James Miller


Thursday, December 30, 2004


A Disaster Tax

Probably not!

The trouble with disasters is that we don't know where the next disaster will happen. It could be an earthquake, a volcano, a hurricane or a massive chemical explosion.

What is needed is more planning and stockpiles of bottled water, sanitation equipment, plastic sheeting and other things at convenient airports and seaports around the world. Then we need to have people in every country, who are briefed and ready for a disaster. Countries such as the UK could easily have a thousand people who could go at a moments notice. Airlines would have to be prepared to give aircraft for transport.

But who would organise it all?

I wouldn't trust the UN as it would get bloated.

But I would trust the British Army to organise our bit. Just as I suspect the French, the Germans and the Swiss would trust their armies too! Remember too, that all armies talk English!

But whatever we do, we mustn't have another disaster with a botched response.
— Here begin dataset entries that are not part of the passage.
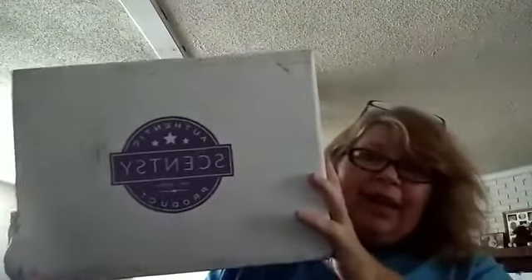Hey everybody, it's kind of dark in here. I'm trying to get my phone situated. We'll improvise a little bit. I have a box and we're going to open it up. This is the warmer and scent of the month for September. As consultants we're able to subscribe — the payment comes out and it ships on the 15th. Today's the 16th and it's delivered, yay!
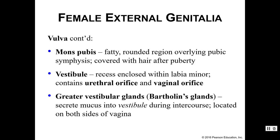This is also covered in hair after puberty. Then we have the vestibule, which is a recessed area enclosed by the labia minora. Among other things, the vestibule contains both the urethral and the vaginal orifices. Lastly, we have the greater vestibular glands, or Bartholin's glands. These glands secrete mucus directly into the vestibule during intercourse to help with lubrication. There is one located on each side of the vagina, so these are a paired structure.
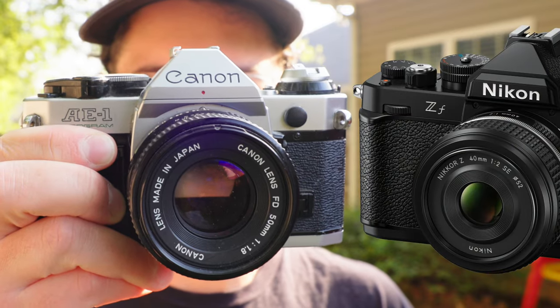The Nikon ZF looks amazing, and I think Canon is next. Truth be told, up until now, there's only been two major players in the game of retro modern cameras.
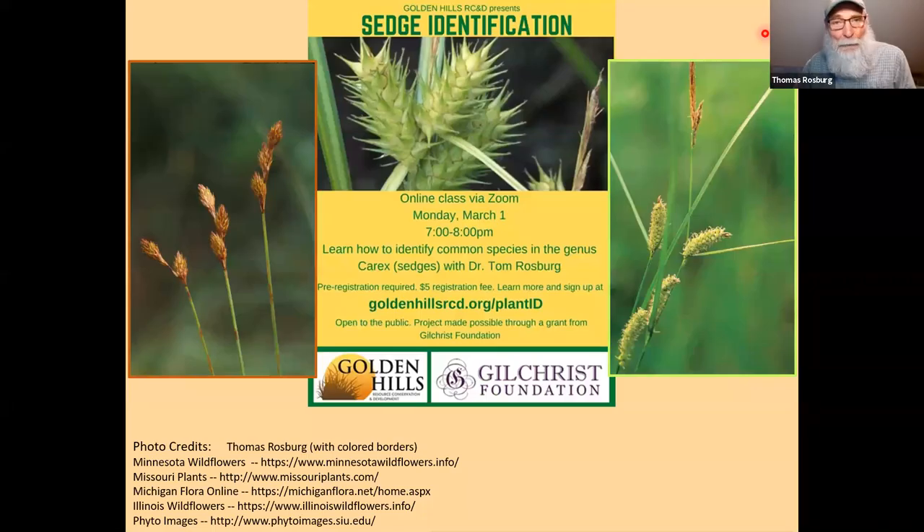We're back to herbaceous species and going to tackle a group that traditionally most people would say are pretty difficult. Carex are pretty easy to identify to genus most of the time, but then the species — what species is it? Tonight I'm going to help you get to a level where you can pretty comfortably identify. We're going to look at 24 species, and at least 20 of those are pretty easy to identify just by sight.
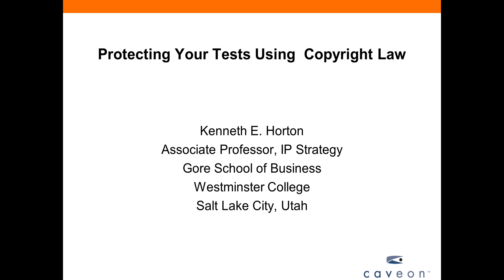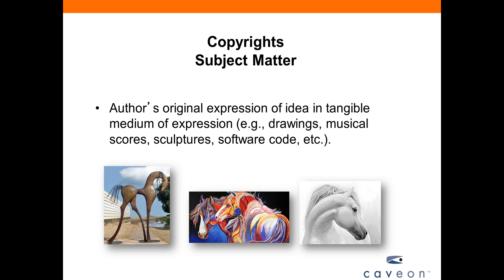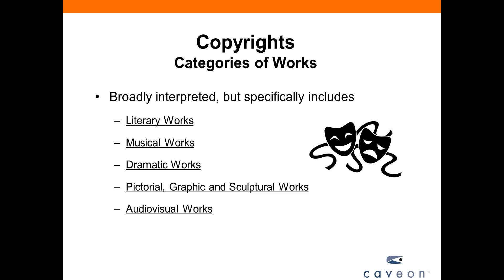I'd like to give everyone a high-level overview of copyright law. I want everyone to walk away knowing: what is a copyright, what materials can be protected, what rights are granted, how do I get, maintain, and protect a copyright, and how do I enforce my rights. Copyrights protect an author's original expression of an idea in a tangible medium — drawings, musical scores, sculptures, software code, and of course tests and answers. Categories of works are broadly interpreted but specifically include literary works, musical works, dramatic works, pictorial and graphic works, and audiovisual works. All tests would fall within the literary works classification.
Estimating The Problem With Mobile Phones

In the midst of all the chaos in Sri Lanka, someone had the bright idea of analysing all of the mobile phones connected at the time of the disaster. Apparently, 10,000 were connected and only 2,500 have reconnected.

They then sent text messages to everyone and got replies which reunited people and saved quite a few.

Well done!


Wave Disaster: Couple Missing

This was the crass headline in the East Anglian Daily Times yesterday.

Remins one of the classic from The Times "Fog in Channel - Continent Isolated."

Sunday, December 26, 2004


Earthquakes and Tsunamis

I feel ashamed.

As someone who has spent a lifetime in computing, where was the warning system? All of the mathematics have been known for thirty years. In fact my software was used by the old Water Resources Board to plot floods and water flows in 1972!

It took three hours for the tidal wave to run from Indonesia to Sri Lanka. Surely, those that spotted the initial quake and then got the reports from Phuket should have been able to predict that there would be damage elsewhere.

It just proves yet again that the war on terror is just a diversion. Nature has always been mankind's most ferocious enemy.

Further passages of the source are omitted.